Эти все речи услыхал потом Спиридон на тризне.
Сожгли его уже под ночь.
Положили на носилки, укрыли полотном льняным, венками те носилки украсили да и двинулись к березовому лесу. Там на опушке у них керсты и бысть. А старика Бахаря Правотарха пронесли подалее, чтобы с реки не видать того сожигания, ежели вдруг ладья да объявится. И за лесом была налажена целая гора сухого хвороста и дров дубовых, чистых.
Но огнь не сразу добыли. Можно было высечь кремнем и кресалом, да огнь давно не обновлялся во всей этой веси, старый был огонь, необытный[325]
. И жители попросили Мухояра и Хорта содеять новый. И Мухояр им указывал срубить стояк для двух бревен, как на горе Перуновой, одно бревно с лункой посередине положили, а другое, поменьше, вертикально поставили и концом в ту лунку и всунули да начали, взявшись с двух сторон за веревку, крутить то бревнышко с кликами: «Сварожиче!
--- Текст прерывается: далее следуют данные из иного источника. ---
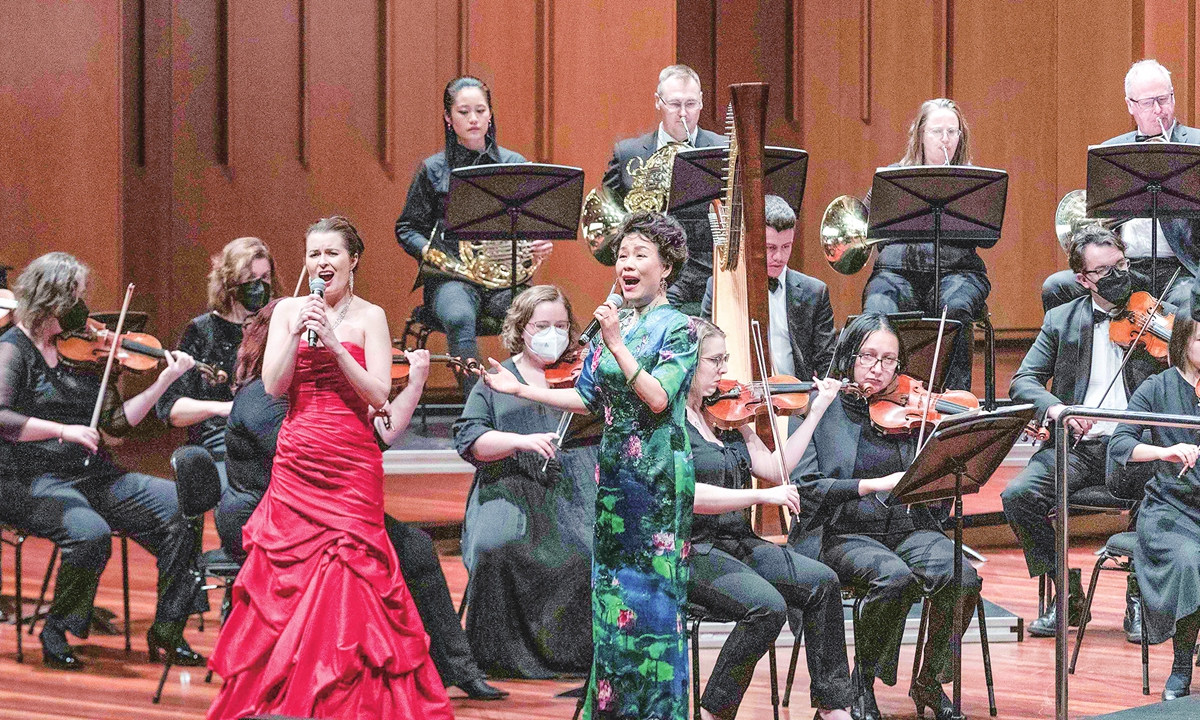 Australian conductor Guy Noble leads the opening performance of Jasmine Flower at the East Meets West orchestral concert in Llewellyn Hall at the Australian National University in Canberra, Australia, on July 30, 2022. Photos: Xinhua  Chinese singer Ya Fen (right) and Australian mezzo soprano Victoria Lambourn perform at the East Meets West concert.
Сварожиче!» А Хорт трубным своим берестяным гласом воспевал: «Очищается! Очищается!» Мужики снова: «Сварожиче! Сварожиче!» Хорт: «Чрез пламя будет извечным! Чрез пламя достанет солнца!» Мужики: «Сварожиче! Сварожиче!» И дергали веревку, все быстрее заставляя бревнышко вращаться, пока лунка та не задымилась, тут же Мухояр над нею склонился с клоком мха, начал раздувать, и вот огонек появился, и все нестройно закричали: «Сварожиче!.. Сварожиче!»Огонь разошелся по палкам смоляным в руках у мужиков. Они подступили к груде дров, на которой уже лежал тот Бахарь Правотарх, укрытый полотнищем.
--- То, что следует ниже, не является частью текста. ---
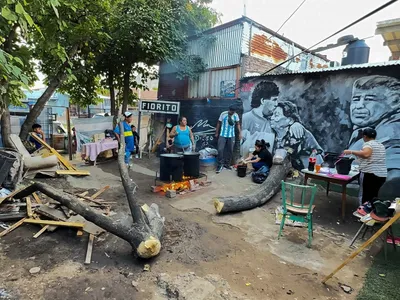 Casa onde nasceu Maradona vira refeitório para pessoas carentes; veja fotos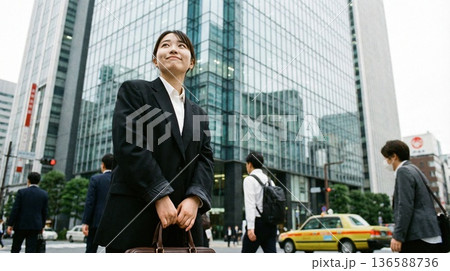 都心のビジネス街、夢と希望を胸に歩む若き女性の輝き 136588736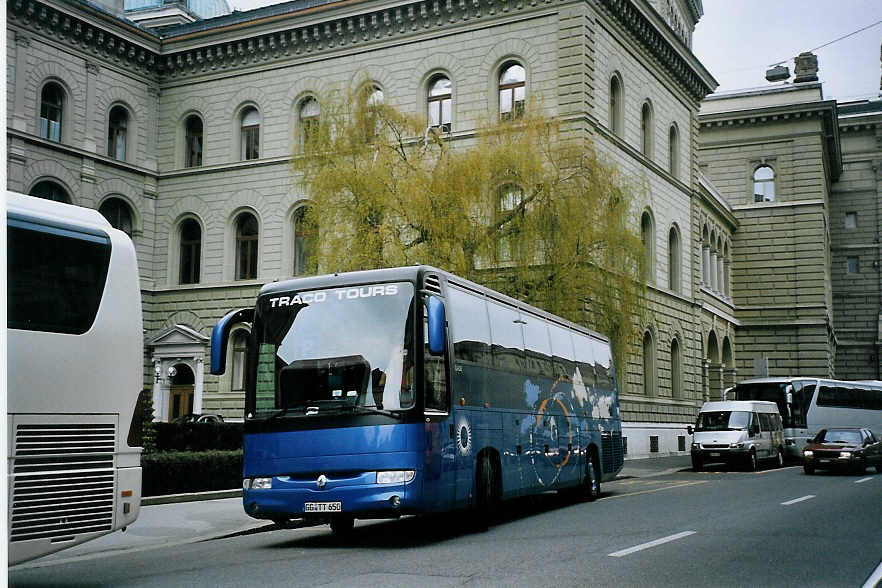 (076'133) - Aus Deutschland: Traco Tours - GG-TT 650 - Renault am 16. April 2005 in Bern, Bundeshaus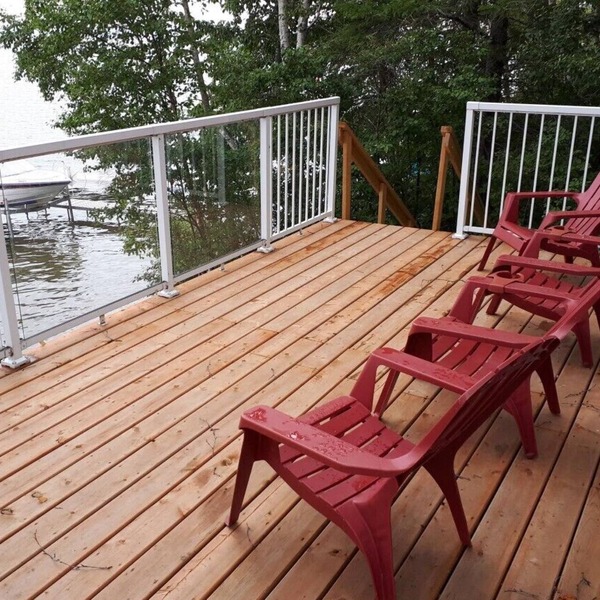 Waterfront cabin Pigeon Lake! August 14 -17, August 28 - September 3 AVAILABLE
Хорт встал у него в головах и громко, с какой-то страшной силой, от которой у всех, наверное, мурашки побежали по телу, как у Спиридона, запел:
И Мухояр принимал горшки и бил их друг о друга подле покойника. Сыпал на него пшено, в ногах лил мед. Ветер трепал бороду Хорта, а у Мухояра она была литая, тяжелая, не шелохнется. Закатное солнце освещало кострище, Бахаря Правотарха под полотном, березы, и стволы берез были розовы и уже как будто небесны, вот словно вырий боги и низвели сюда, на эту рощу позади веси на Днепре. И где-то за Днепром заскрежетали небесные гусли, запели журавли. Этому Бахарю и люди, и птицы пели.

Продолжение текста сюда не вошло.